Hi, I just made this 4*4 sprite routine aligned to a 16*24 (half pixel) grid.
Can anyone help with optimizations or suggestions?

http://typewith.me/BSgvbUFXDh

Code: [Select]

;==========
;XOR 4*4
;==========
;Inputs:
;ix = sprite address
;c = X Position
;b = Y Position
;Outputs:
;a = last line of sprite displayed
;b = 0
;c = X position (undestroyed ^^)
;de = 12
;hl = buffer location of sprite + 12 (next line)
;ix = sprite address + 2 (next sprite?)
;==========
;This was made to be a standalone program.
#ifdef bcall(xxxx)
;THE GAME
#else
#include "ti83plus.inc"
.org $9d93
.db t2ByteTok, tAsmCmp
#endif
;==========
;Just for testing purposes:
        bcall(_clrlcdfull)
        bcall(_runindicoff)
        bcall(_grbufclr)
        
        ld ix, x4sprite ;ix holds sprite address
        ld c, 1 ;c holds X location
        ld b, 1 ;b holds Y location
;==========
        
FourXOR:
        
        ld a, b        
        add a, a ;\A * 3
        add a, b ;/
        add a, a ;\A * 4
        add a, a ;/
        
        ld h, 0 ;A*2 is too large to fit into 8 bits, so we must use a 16 bit register.
        ld l, a        
        add hl, hl ;\A * 4
        add hl, hl ;/Align Y pos to the X4 grid.
        
        ld d, 0
        ld e, c        
        srl e ;Now, we are only concerned on the X8 alignment.  We will fine tune it to X4 later.
        add hl, de ;add X pos to Y pos

        ld de, plotsscreen ;Finally, we add the Buffer location.
        add hl, de
        
        
        ld b, 2 ;B*2 Pixels tall sprite        
        ld e, 12 ;Width of Screen
        
_FourDispByte:
        ld a, (ix) ;loads sprite at ix
        and %11110000 ;use left side of byte
        
        bit 0, c ;If X pos is an odd number, we have to shift to the right.
        jr z, _FourDispN1 ;if D is aligned to the byte, branch.  Else, shift sprite by 4.
        
        srl a ;shift sprite to the right 4 pixels.
        srl a
        srl a
        srl a
        
_FourDispN1:
        ld d, (hl)
        xor d ;xor sprite onto current buffer contents
        ld (hl), a
        
        ld d, 0 ;DE = 12
        add hl, de ;shift pen down one row
        
        ld a, (ix)
        and %00001111 ;It is on the right side of the byte.
        
        bit 0, c
        jr nz, _FourDispN2 ;if d is not aligned to the byte, branch.
        
        add a, a ;shift sprite to the left 4 pixels
        add a, a
        add a, a
        add a, a
        
_FourDispN2:
        ld d, (hl)
        xor d ;xor sprite onto current buffer contents
        ld (hl), a
        
        inc ix
        ld d, 0
        add hl, de
        djnz _FourDispByte
        
;==========
;More pseudo random stuff just for testing
        bcall(_grbufcpy)
        bcall(_getkey)
;==========
        ret
        
X4Sprite:
.db %10010110
.db %01101001

Also, Zeda's routines can be found here:
http://typewith.me/V0lEvy11lc

Runer112's routine:
http://typewith.me/Zv15SUf9Ve

Thanks. :)

Title: Re: 4*4 Sprite Routine Optimization/Help
Post by: ralphdspam on May 04, 2011, 10:46:34 pm

Hmm... It's been 6 hours, right? (This can also probably count as an update too.)

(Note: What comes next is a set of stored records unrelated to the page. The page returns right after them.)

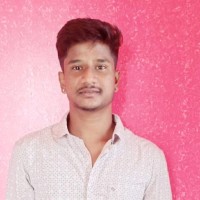 Siddhartha N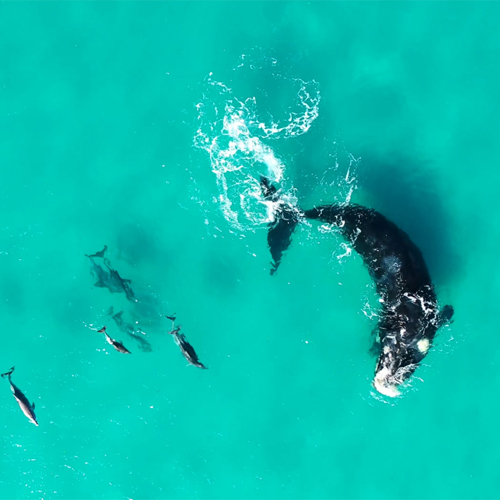 Humpback whales (Megaptera novaeangliae) like the ones pictured here with bottlenose dolphins (Tursiops truncatus) in Kona, Hawaii, appear to be more open to interacting with fellow cetaceans.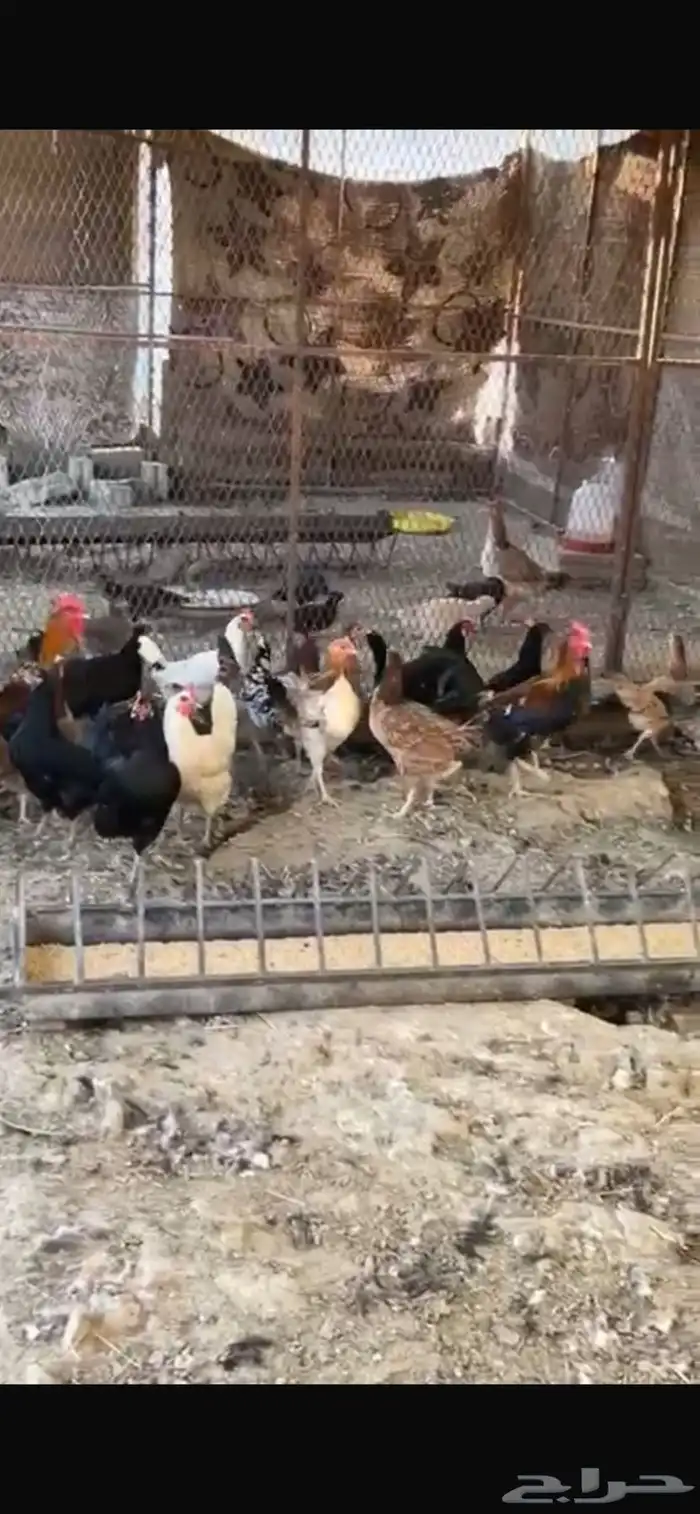 يوجد دجاج مفرخ ودجاج بياض حضان بلدي 6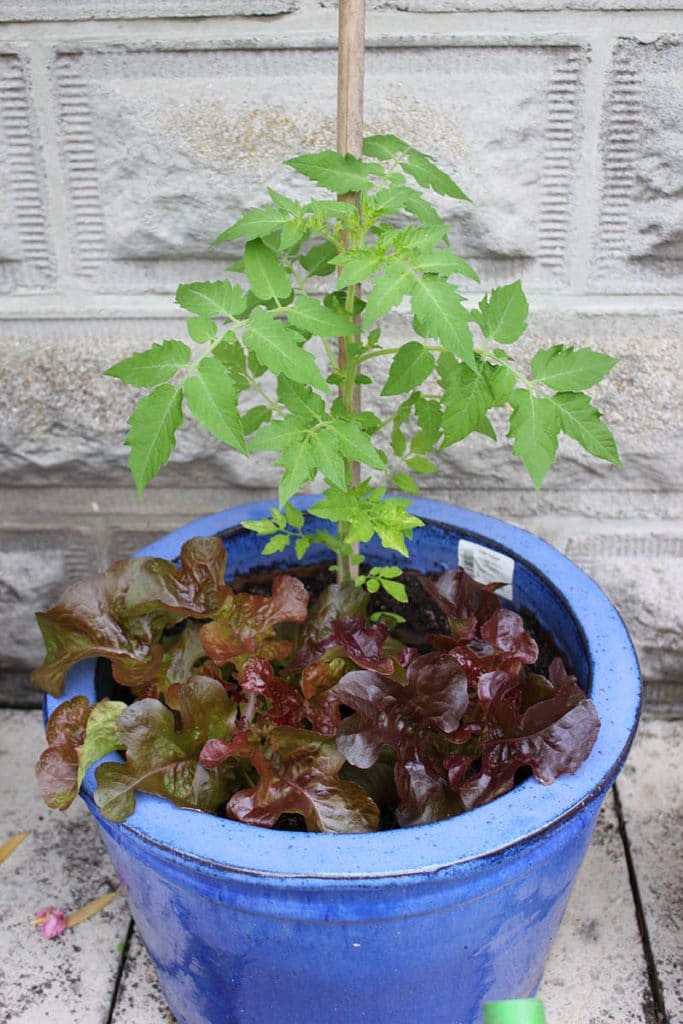 Tomate Dattelwein mit Salat unterpflanzt
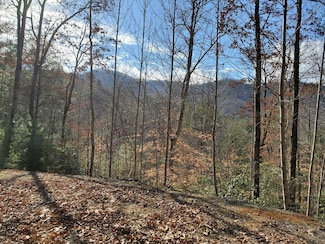 Lot 25 Cliff Dalrymple Rd, Franklin, NC 28734
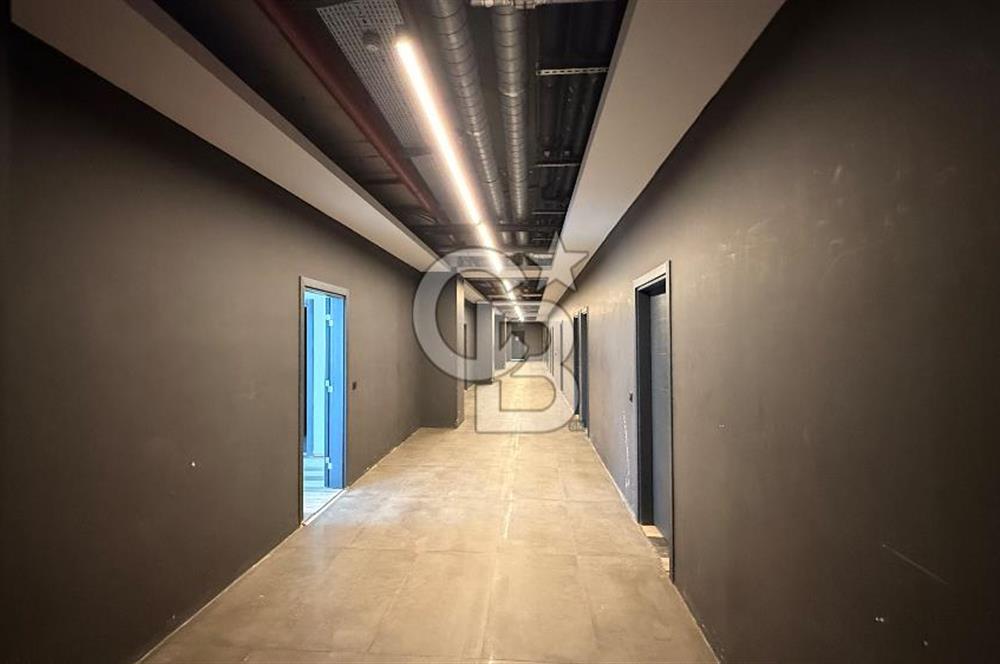 Avcılar Cihangir Mh Gelişim Üniversitesi Yakını Kiralık 1+1 Ofis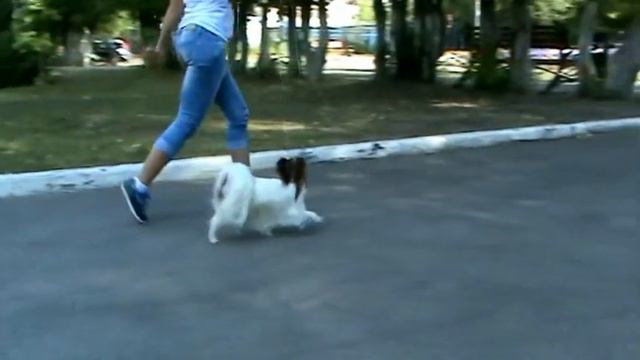 Aller Best Bingo - Bongo, papillon, male/"Aller Best" kennel смотреть онлайн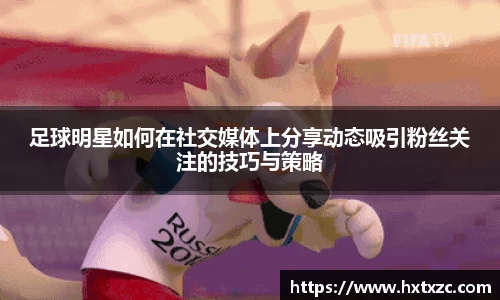 3003新葡的京集团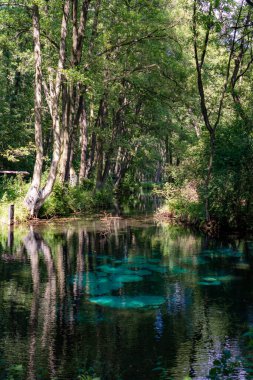 Blue Springs 'in berrak mavi suyu Polonya' nın Tomaszow Mazowiecki kentindeki yemyeşil yemliklerle çevrili. Huzurlu doğal manzara.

Here is the current routine:
EDIT: See above. ;)

Title: Re: 4*4 Sprite Routine Optimization/Help
Post by: Xeda112358 on May 05, 2011, 08:44:03 am

Okay, this is a code I put together... I was going to use the code from BatLib for displaying 4x6 sprites (for fonts), because it used nibble data (so that each 4x6 sprite used 3 bytes), but I messed up when I was trying to optimise it XD Anywho, here is this... I don't even know if it is more or less optimised than your routine, I just wanted to make one, too XD

Code: [Select]

;=============================
DrawSprite4x4:
;=============================
;Inputs:
;     C is the y coordinate (0 to 15)
;     B is the column to draw to (0 to 23)
;     DE points to the font data
;Outputs:
;     A is 1
;     BC is 12
;     DE is incremented by 4 (pointing to next sprite?)
;     HL is incremented by 30h
;=============================
    ld a,b           ;78
    ld b,0           ;0600
    ld h,b           ;60
    ld l,c           ;69
    add hl,hl        ;29
    add hl,bc        ;09
    add hl,hl        ;29
    add hl,hl        ;29
    add hl,hl        ;29
    add hl,hl        ;29
    rra              ;1F
    ld c,a           ;4F
    push af          ;F5
    add hl,bc        ;09
    ld bc,plotSScreen  ;014093
    add hl,bc        ;09
    ld b,4           ;0604
    pop af           ;F1
    ld a,$F0         ;3EF0
    jr c,RightMask   ;3801
      cpl            ;2F
Rightmask:
    ld (asm_flags1),a  ;32118A
DrawTheSprite:
    ld a,(asm_flags1)  ;3A118A
    ld c,(hl)        ;4E
    and c            ;A1
    ld (hl),a        ;77
    ld a,(de)        ;1A
    and $F0          ;E6F0
    bit 0,(iy+asm_flags1)  ;FDCB2146
    jr nz,NoShift    ;2004
      rlca           ;07
      rlca           ;07
      rlca           ;07
      rlca           ;07
NoShift:
    or (hl)          ;B6
    ld (hl),a        ;77
    ld a,b           ;78
    ld bc,12         ;010C00
    add hl,bc        ;09
    ld b,a           ;47
    inc de           ;13
    djnz DrawTheSprite  ;10E2
    ret              ;C9

Title: Re: 4*4 Sprite Routine Optimization/Help
Post by: ralphdspam on May 05, 2011, 08:24:23 pm

Thanks! I will try this later. :D

EDIT: I found out that AND can take imm₈ values! Saved myself a couple of bytes. :)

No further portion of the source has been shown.